* Your instructions
Please copy all of the data that follows exactly, leaving any pictures out.
** Information supplied follows **
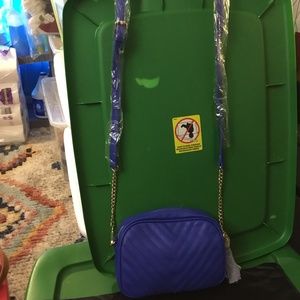 BNWT Royal blue chevron camera style bag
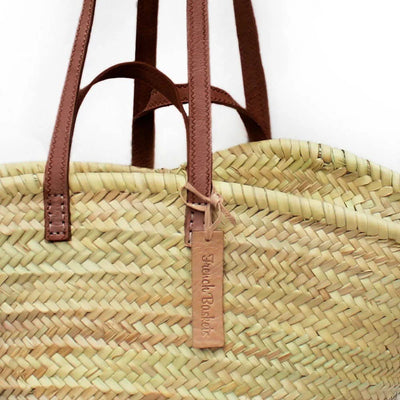 Double Flat Leather Handle Straw Basket | Putti Fine Fashions Canada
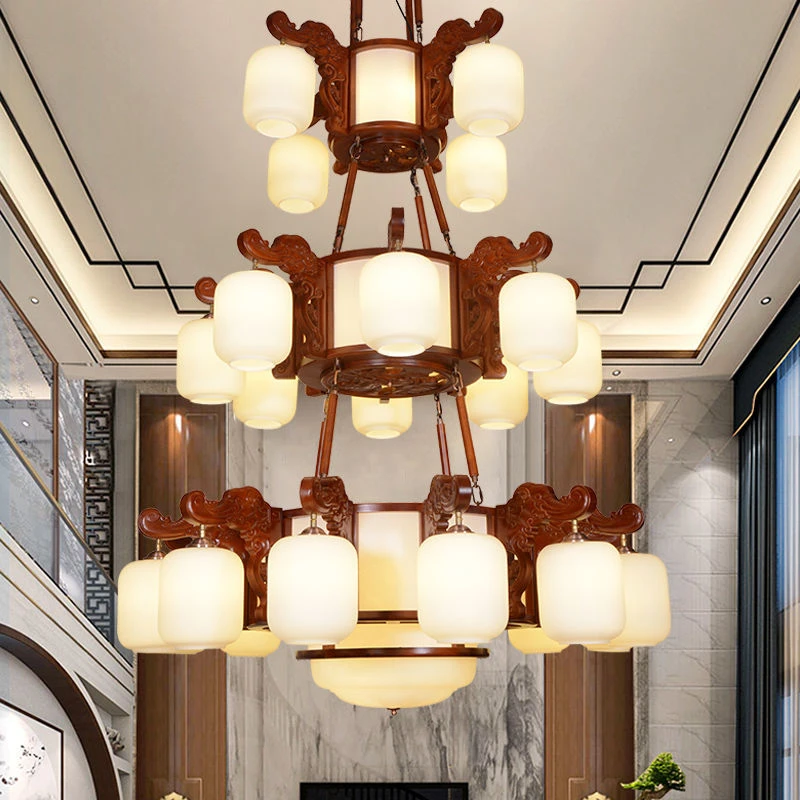 新中式大吊灯中国风别墅实木仿古寺庙大灯中式复式楼中空三层吊灯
** End of Information supplied **
* Task response
 BNWT Royal blue chevron camera style bag
 Double Flat Leather Handle Straw Basket | Putti Fine Fashions Canada
 新中式大吊灯中国风别墅实木仿古寺庙大灯中式复式楼中空三层吊灯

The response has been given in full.